By Dinesh Arora
While several industry sectors look for sops and concessions from the Finance Minister Arun Jaitley in his second full-term budget, the 4,200 Indian startups have some of their own expectations from it.
Recent events – particularly, the introduction of ‘Startup India’ programme – have demonstrated that the government is realising the need for supporting startups and is giving them time and attention. However, India lags behind several other nations in terms of having an ecosystem and culture that nurtures startups.
Startups often have a low influence in propagating their interests to the relevant authorities, primarily because of three reasons. Firstly, startups are small companies, have limited approach, and are thus not taken very seriously. Second, most startups don’t have political connections, linkages or lineages – something that the big businesses have aplenty and use to influence policy decisions. Third, startups with viable business ideas are doing well with the help of private funding and their leaders’ entrepreneurial spirit, creating a perception that they don’t need any further help from the government. In truth, startups in India need an enabling environment in order to grow into world-scale organisations.
Following simple measures can help startups flourish further and create more unicorns.
Easy Entry and Easy Exit: While the registration of companies has been made quicker and easier, some effort must be directed in the direction of creating a single window for all taxes and compliances.
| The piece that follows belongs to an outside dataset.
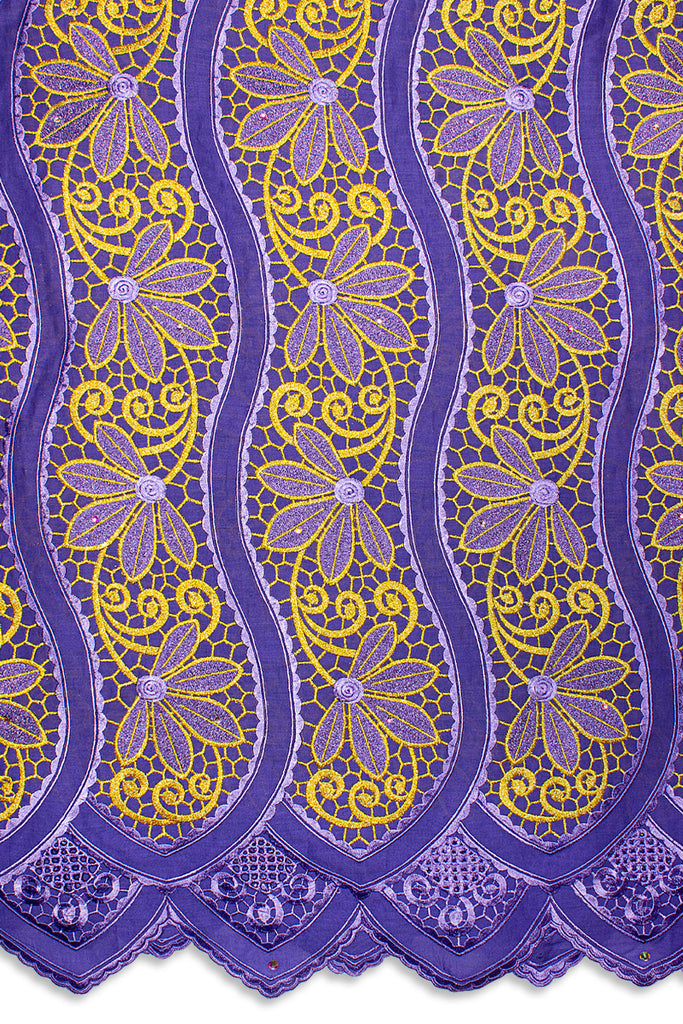 PSL078-LAV - Premier Swiss Voile Lace - Lavender & Gold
It is a little difficult to achieve in India’s federal structure with division of power and authorities between the Centre and the states, and the current political environment with different governments belonging to rival political parties. However, any steps in this direction would be of great help.
Further, just the way the startups have a right to do business, it is equally important that they have the freedom ‘not’ to do business. There is a very high failure rate among startups. Whereas in India, after incorporating a company, the promoters find themselves in a labyrinth with no way out except to commit to the success of the venture, or to perish. Government must create policies that help winding down companies in organised manner with safe exit to the promoters, to encourage more people to take up an entrepreneurial venture.
Fund of Funds: The government has evinced a lot of conviction in the power of startups by announcing Rs 10,000-crore fund for innovation-driven enterprises. The details are eagerly awaited to see how these funds will be deployed. While there are various bodies certifying a company as a startup, it remains to be seen how detailed policies are developed to ensure a seamless implementation.
Tax Breaks: Most startups do not benefit from tax breaks as those mostly make losses in initial years, and going by recent trends, the bigger the idea is, higher is the loss in early stages. However, the government can help by providing tax breaks to the supporting ecosystem, such as Incubators and Accelerators, Angel Investors (Capital Gains exemption to bring them at par with stock market transactions), and organisations providing skilled manpower.
Smart Spend on Smart Cities and Infrastructure: Last but definitely not the least, there must be ample focus on developing the infrastructure and prudent spend on building Smart Cities, as this impacts all startups either directly or indirectly. Good infrastructure – such as internet, connectivity, incubator facilities, among the usual ones including logistics – is as important for startups as it is for any citizen or other companies.
Startups present a wonderful opportunity for faster employment and rapid deployment of high-skilled labour. It would be fair to say that what the government stands to gain from the success of startups far outweighs than what they need from the budget.
The writer is a partner (deals) at PwC India. His views are personal.